Why I like Teaching at a Montessori School…



Why I like Teaching at a Montessori School…

From Cathy Mauragas, Center Director:
Being a part of Preschool/Early Education since the late 70’s I have witnessed a lot of growth, but taking part in a philosophy that is backed by years of research and practice has brought to light the importance of children feeling a purpose in each day, the positive force that serenity plays, and having a staff that is trained to manage everyday appropriately.
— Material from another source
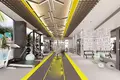Apartamento 2 habitaciones 50 m² Kestel, Turquía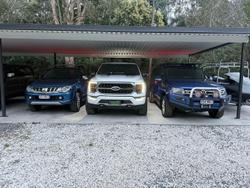 2023 Ford F-150 Platinum (No Series) White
Marcela Mejia, Program Coordinator:
I think that children possess incredible powers that when allowed to manifest and develop them appropriately in the perfect environment the results are incredible.
The Montessori environment provides everything that the human needs to be able to develop an inner love for learning, not by offering extrinsic rewards and prizes, but instead by offering an environment full of lessons and materials that contain beauty, purpose, control of error, concrete experiences, and precise language that will be useful for life.
The Montessori Philosophy allows the children to experience an environment with real tools, order, consistency, and much more freedom than the regular school setting. In this environment, the children develop great self-esteem, self-control and much better opportunities for concentration, which will help them become great human beings.
These human being will provide peace, respect and knowledge to the whole world.

Rachael Pratt, Lead Primary Teacher:
I chose Montessori because the philosophy is one of understanding and respecting each child’s fundamental needs as they grow and learn. I love that Montessori children find motivation from within themselves, and form a deep understanding of who they are at such a young age. I think Montessori is amazing because it helps the children help themselves and become competent, independent, peaceful human beings.

Rajini Ramkrishnan, Lead Toddler Teacher:
My son Rajath who is a 6th grader now has been my greatest inspiration for choosing to teach in a Montessori setting. Bringing him up is one of the greatest gifts life has given me. In his early years I used to ponder what would be the best method to guide a child. Although he never went to a Montessori school, I always believed that each child is unique, his/her developmental needs are different and they develop at his/her own pace. As I watched my son grow-up, I made up my mind to contribute to the early childhood education by becoming a Montessori teacher. Dr. Maria Montessori believed that a child develops naturally through practical experiences from the environment and as adults our duty is to prepare the right environment for them to nurture and develop to their full potential. This philosophy of Maria Montessori resonates well with my belief system.

Rachel Beasley, Assistant Toddler Teacher:
In a Montessori environment, I get to see children developing every aspect needed for everyday living and not just their scholarly skills. Montessori fosters a child’s curiosity, independence, concentration, and social skills. I enjoy being a part of shaping a child into a well-rounded individual. Everyday I get to see a child’s face light up because they feel proud that they completed a task on their own. That moment may only last a few seconds but those few seconds are priceless. Montessori not only benefits the children, it also benefits the teachers and parents by constantly reminding us to be well-rounded role models and keeping us on our toes as we observe a child’s development.

Rebecca VanPraag, Lead Infant Teacher:
I chose to teach in a Montessori setting after I was exposed to both the public and private schooling sectors growing up. I observed through personal and second hand experience how much more a child can thrive in smaller, individualized setting. Montessori not only offers that, but also allows children to work at their pace and feel a personal sense of accomplishment, independence, and satisfaction through learning. One important lesson I have attained through teaching is that no two children are the same. They think, learn, grow, and feel in their own ways and Montessori caters to that mentality, allowing for optimal growth.